Anyone familiar with environmentalist literature of the past decades will immediately recognize the form of Ingmar Persson and Julian Savulescu’s argument in Unfit for the Future: The Need for Moral Enhancement. The structure of such books, going at least as far back as Rachel Carson, goes like this:

We face the following existential threats to life on earth . . . (extended discussion).

After this comes a tour of the ways in which current modes of thinking and/or current institutions are inadequate to address those threats, if not outright contributing causes.

The conclusion: we therefore need some radical revision of our present normal ways of doing things that the author is happy to supply.

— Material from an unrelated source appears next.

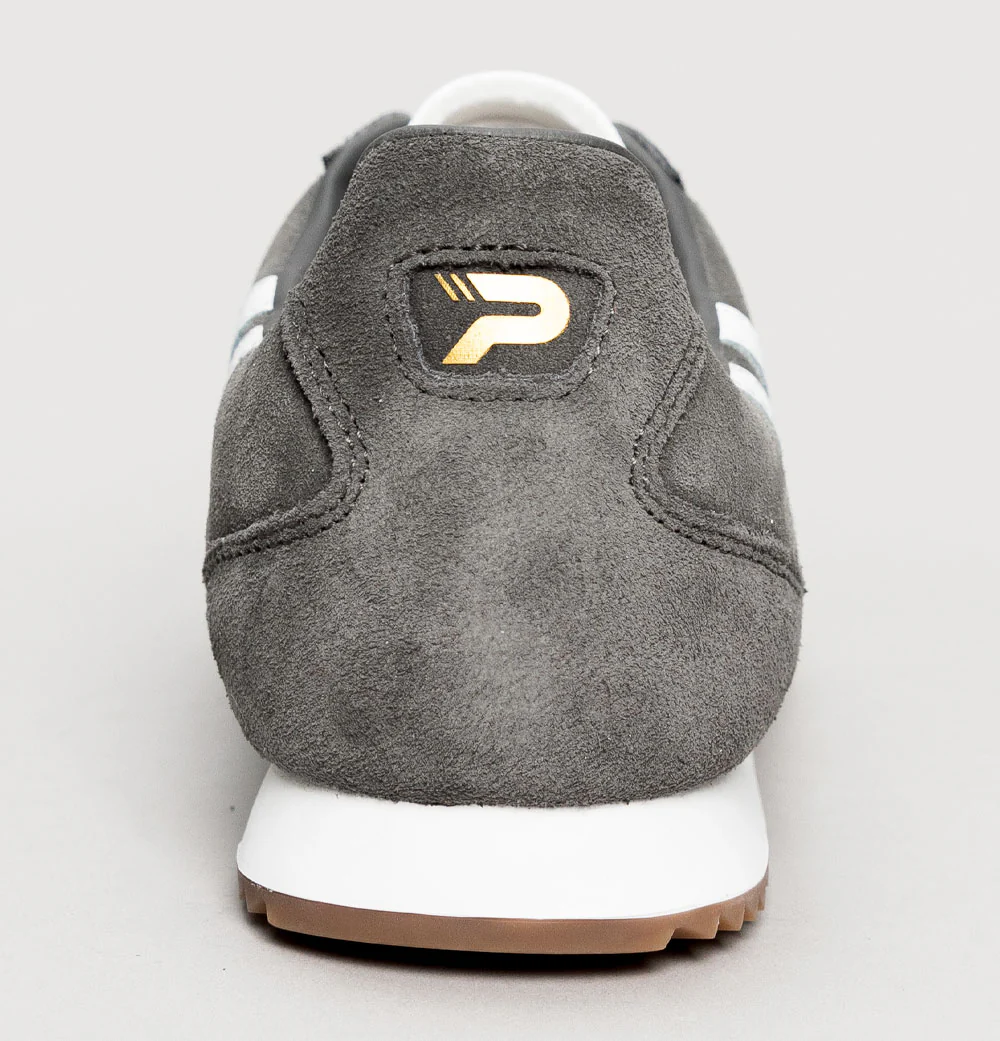 Patrick Rio Trainers Charcoal/White - Image 5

In the case of Persson and Savulescu, the existential threats are global climate change, environmental degradation, and weapons of mass destruction. Our “common sense morality,” bequeathed us from our evolutionary history, and our liberal democratic institutions, are inadequate to dealing with these threats, if not contributory causes. And the radical solution to the problem we need to consider is what they call “moral enhancement,” meaning in particular (but not exclusively) “biomedical means of moral enhancement”—that is, using drugs or genetic engineering to help us make better moral decisions.

I say radical, but in their Introduction, our authors imply that what they present is by no means radical. They are merely getting biomedical moral enhancement “on the agenda” rather than providing “any definitive and detailed solution to the mega-problems we discuss.” Biomedical moral enhancements, they admit, may or may not be “more effective than traditional means of moral enhancement, or than various kinds of social reforms,” but the former are worth looking at because “many people reject them out of hand for untenable reasons.” Their main point, they say, is that “liberal democracies are in need of moral enhancement to deal safely with the overwhelming power of modern technology.”

That power is the main problem standing in the way of using “common sense morality” to head off “Ultimate Harm” to the planet (capital letters in the original). As a product of our evolutionary development, our common sense is no match for technological power exercised on a global scale with potentially devastating consequences.

Common sense (or “folk morality”) is a curious thing as our authors present it. They reconstruct it more on the basis of psychological research than the anthropological or historical studies one might expect would be used to support an argument about evolution. It is premised on a Hobbesian picture of the harms that result from competition for scarce resources, and a Lockean picture of natural rights.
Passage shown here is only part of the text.